Problem description →
Skip the pictures. Give all the data again exactly.

Supplied material →
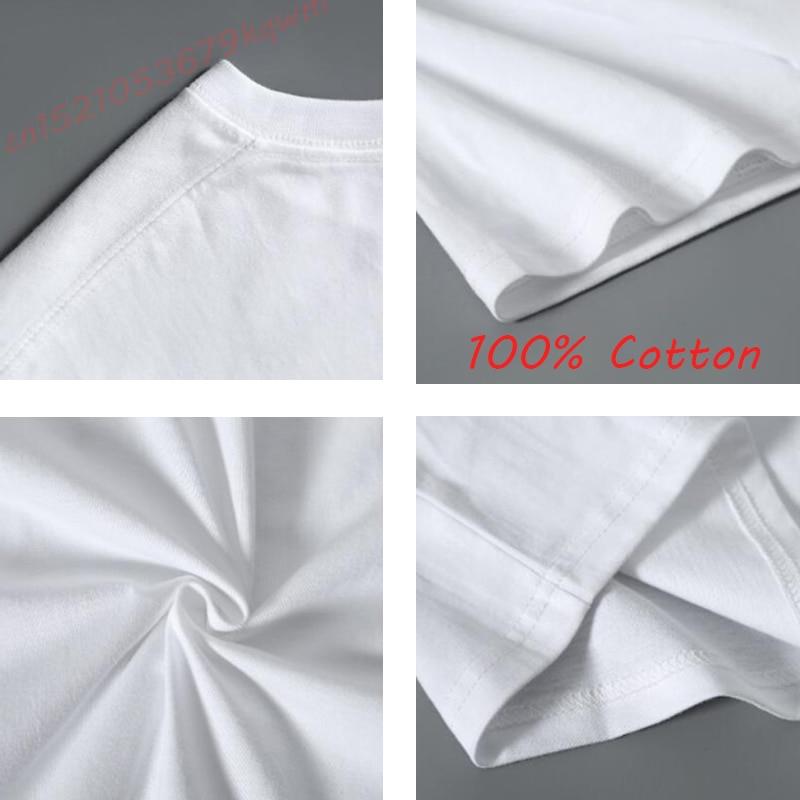 Street Pharmacist T-Shirts Mens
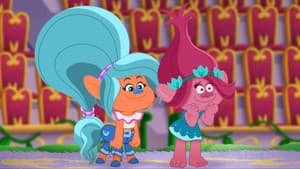 Episodio 12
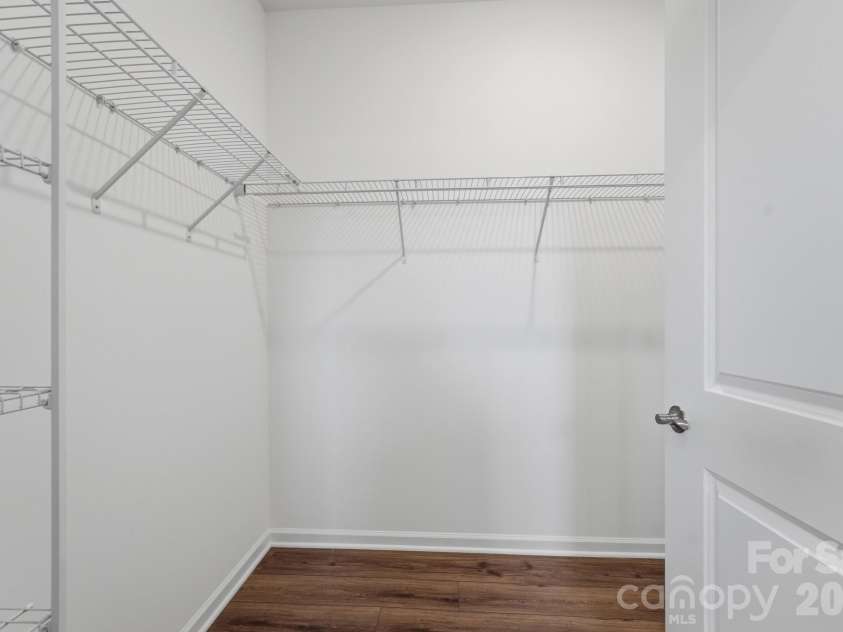 7624 Cotton Crest Lane, Lancaster, SC 29720.  MLS# CAR4368550, YatesRealty ID 24785. 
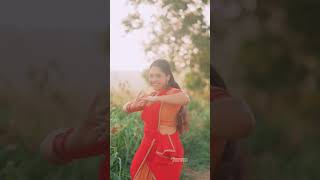 Namal randum radayanal lokam tirilla song love ❤️🥰❤️ [upl. by Leah]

Response to this exercise →
 Street Pharmacist T-Shirts Mens
 Episodio 12
 7624 Cotton Crest Lane, Lancaster, SC 29720.  MLS# CAR4368550, YatesRealty ID 24785. 
 Namal randum radayanal lokam tirilla song love ❤️🥰❤️ [upl. by Leah]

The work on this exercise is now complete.